Get-Content -Path ~Employees.csv | Get-Member
You’ll see that it returns a simple string. Actually, it’s an array of strings. If I use the not too common unary operator to prevent PowerShell from unrolling the array….
,(Get-Content -Path ~Employees.csv) | Get-Member
You can see that Get-Content returns an array of objects which in this case are strings. It’s an array because of the left and right brackets.
If I look at a single object, you’ll see that it’s just the whole line of the CSV file, including the commas and quotes.
Get-Content -Path ~/Employees.csv | Select-Object -First 1
We want objects, not raw strings, for each CSV file line. I want objects with fields as object properties. To get that, I can use the Import-Csv
cmdlet.
Import-Csv -Path ~/Employees.csv
That looks much better. It has intelligently parsed the entire CSV file, converted the header row in the CSV file to object property names, and used the field values as property values. Let’s check the object type now.
Import-Csv -Path ~/Employees.csv | Get-Member
You can now see that the output object type is System.Management.Automation.PSCustomObject
; not just a string. The Import-Csv
cmdlet knew the CSV file’s structure and was able to convert it to a set of PSCustomObjects.
Here’s another type of CSV file you might run into.
Get-Content -Path ~Employees-withcommasnoquotes.csv
Notice the difference? No quotes and notice the second row Jones,Barrett
. That comma is actually part of Joe’s name. The value Barrett
is not his address.
FYI: I created that CSV file with this code:
@(
[pscustomobject]@{
FirstName = 'Joe'
LastName = 'Jones,Barrett'
Address = '453 1st St'
City = 'Phoenix'
State = 'AZ'
},
[pscustomobject]@{
FirstName = 'Jose'
LastName = 'Melindez'
Address = '5663 Main St'
City = 'Atlanta'
State = 'GA'
}
) | Export-Csv -Path ~Employees.csv
(Get-Content -Path ~Employees.csv).replace('"','') | Set-Content -Path ~Employees-withcommasnoquotes.csv
Let’s see how Import-Csv
handles this.
Import-Csv -Path ~Employees-withcommasnoquotes.csv
That’s not right. All of the field values to the right of the LastName
field are wrong. Import-Csv
is using that comma in his name as a field delimiter. And this is where the quotes come in. Quotes define the entirety of a field, the delimiter tells Import-Csv where a field ends and begins.
Let’s shift gears and now cover one scenario you may find yourself in. Recall that I mentioned earlier that a CSV should technically have fields delimited by commas. Well, sometimes you’ll find “CSV” files with different delimiters like tabs. By default, the Import-Csv
cmdlet doesn’t like that.
For example, I have a CSV file here…
Import-Csv ~/Employeeswithtabs.csv
Things don’t look right. Import-Csv
hasn’t transformed each line into an object. That’s because it was looking for a comma as a field delimiter. If I look at this file…
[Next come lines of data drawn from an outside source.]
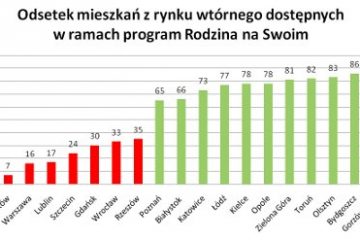 Nieco trudniej o mieszkania z dopłatami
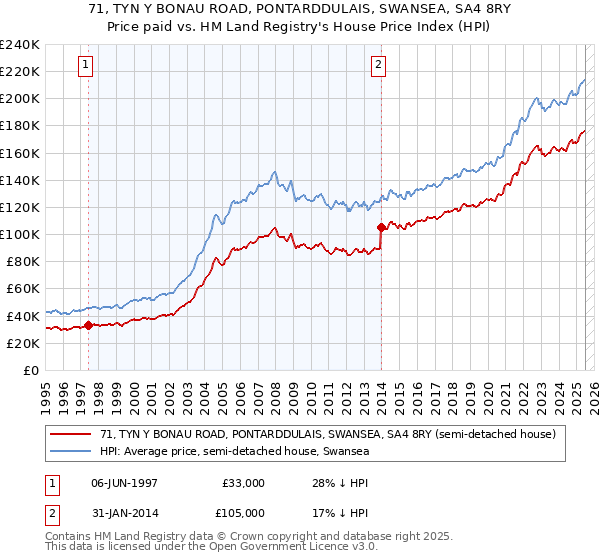 71, TYN Y BONAU ROAD, PONTARDDULAIS, SWANSEA, SA4 8RY: Price paid vs HM Land Registry's House Price Index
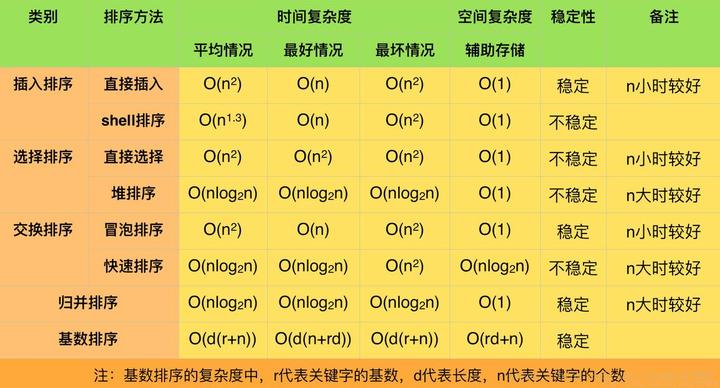 C++实现各种排序算法 - 知乎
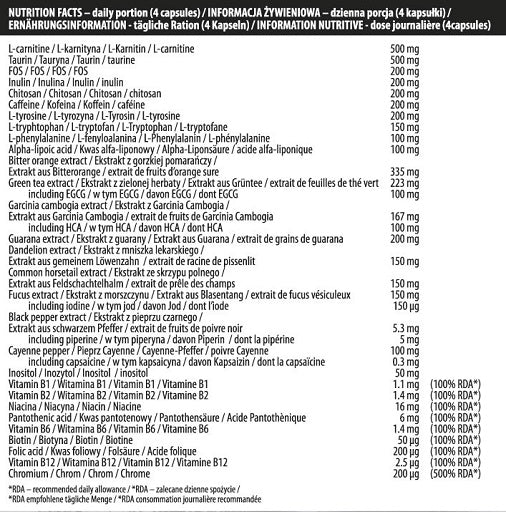Võistluste ettevalmistus: ESN ISOCLEAR + MST ArgiZinc + veel 2 – Activlab Machine Man Burner 120 kapslit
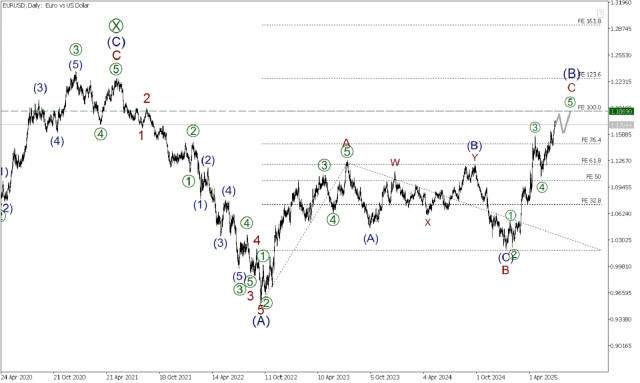 https://forex-images.ifxdb.com/userfiles/20250627/appsimage_analytics685ef69a5375f.jpg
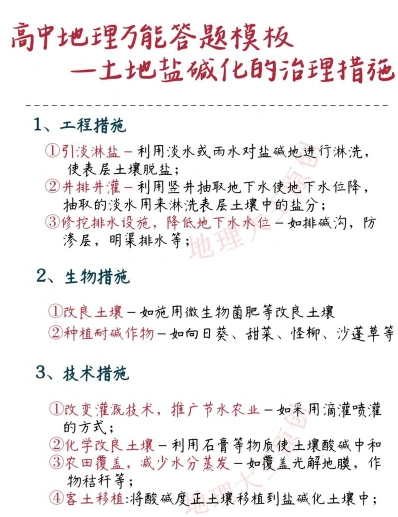 土地盐碱化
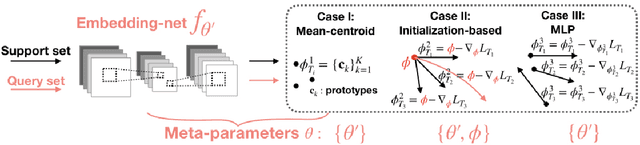 Figure 4 for Adaptation-Agnostic Meta-Training
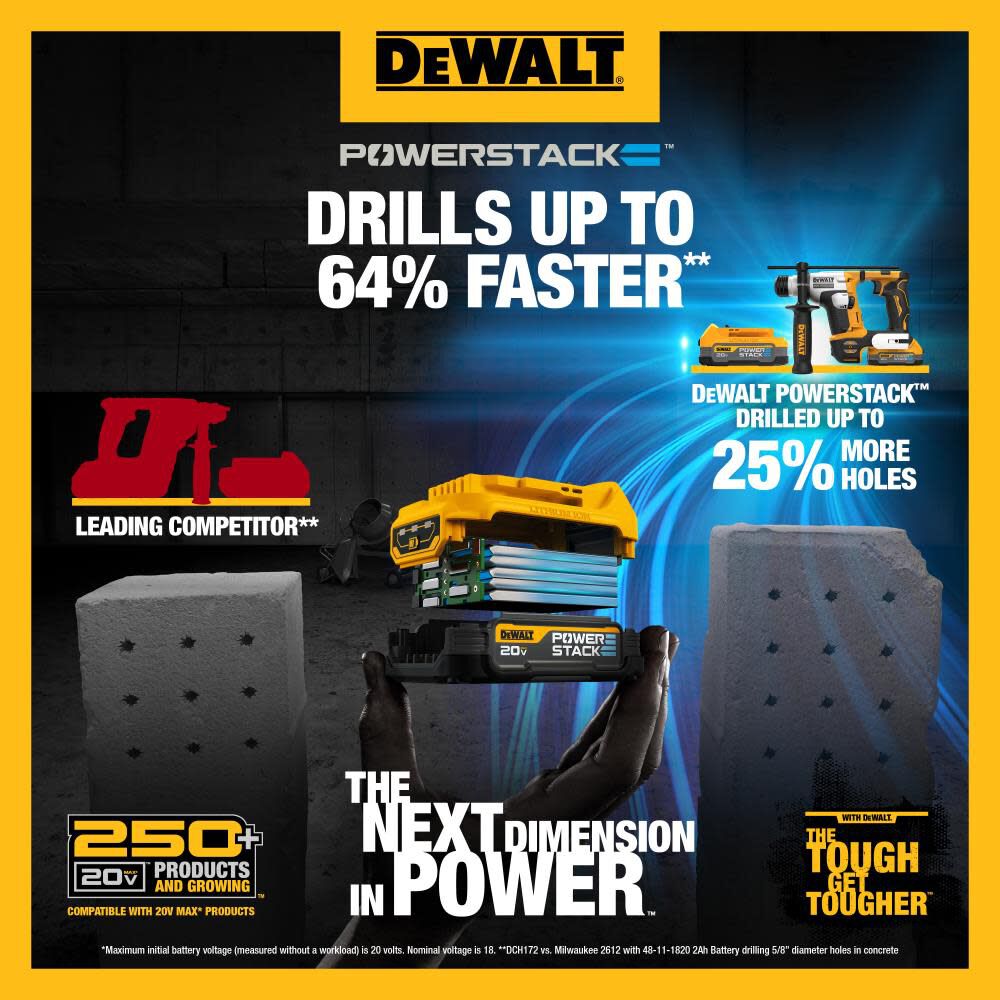 DeWalt DCBP034-2 20V MAX POWERSTACK BATTERIES 2-PACK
Get-Content ~/Employeeswithtabs.csv
You’ll see the fields are delimited by tabs and not commas. Luckily, there’s a quick fix. Simply use the Delimiter
parameter.
Import-Csv ~/Employeeswithtabs.csv -Delimiter "`t"
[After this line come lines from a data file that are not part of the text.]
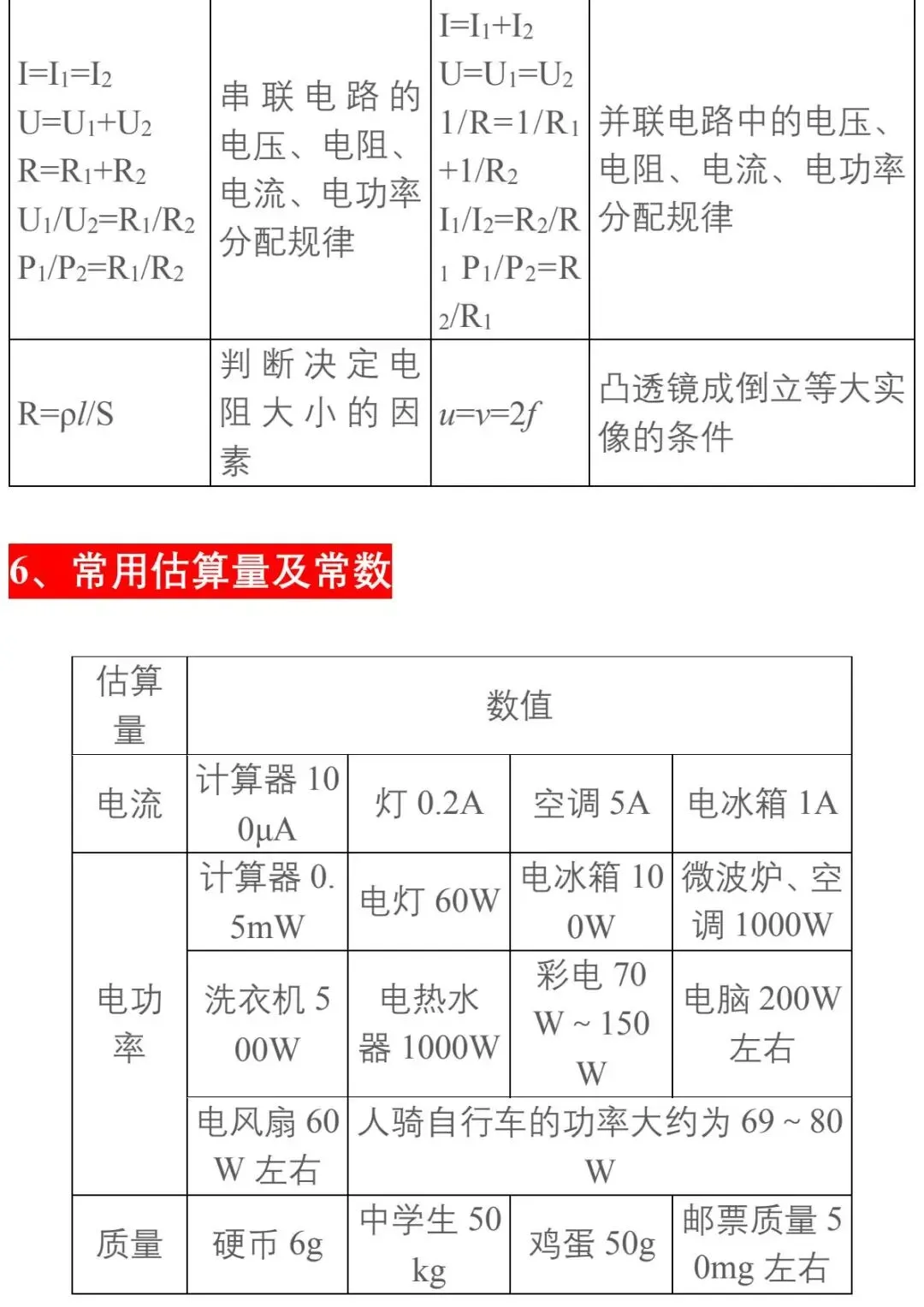 【中考物理】基础知识分类汇编大全 第11张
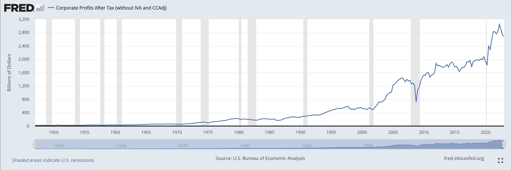 Corporate Profits After Taxes Graphs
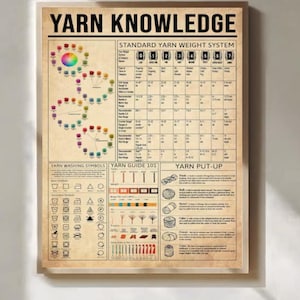 Könnte beinhalten: Ein gerahmtes Poster mit dem Titel "Yarn Knowledge" mit detaillierten Informationen zu Garnstärken, Waschsymbolen und Garnaufmachung. Das Poster zeigt einen Farbkreis und verschiedene Illustrationen zum Thema Garn, für Stricker und Häkler.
The output looks much better now. Import-Csv
is now looking for tabs as field delimiters instead of commas and is parsing the CSV file correctly.
To round out this demo, let’s now cover one more scenario; CSVs with no headers. Maybe you’ve been sent a CSV file from some ancient HR database with no headers that looks something like this.
Get-Content -Path ~Employees-noheaders.csv
When you attempt to read the CSV with Import-Csv
, this is what happens.
Import-Csv -Path ~Employees-noheaders.csv
Import-Csv
has no field names to associate with values, so it uses the top row as headers and makes them property names. This isn't right. You could modify the CSV and add headers that way, but I always prefer to leave the files unchanged as much as possible. For Import-Csv
to have valid headers, use the Header
parameter.
Import-Csv -Path ~Employees-noheaders.csv -Header 'FirstName','LastName','Address','City','State'
Much better! When you use the Header
parameter and specify a comma-delimited list, Import-Csv
uses that set of values from left to right as field names rather than the first row of the CSV file. This parameter allows you to parse CSV files with no headers without modifying the original file.
You should now be on your way to a much better experience reading CSV files with PowerShell!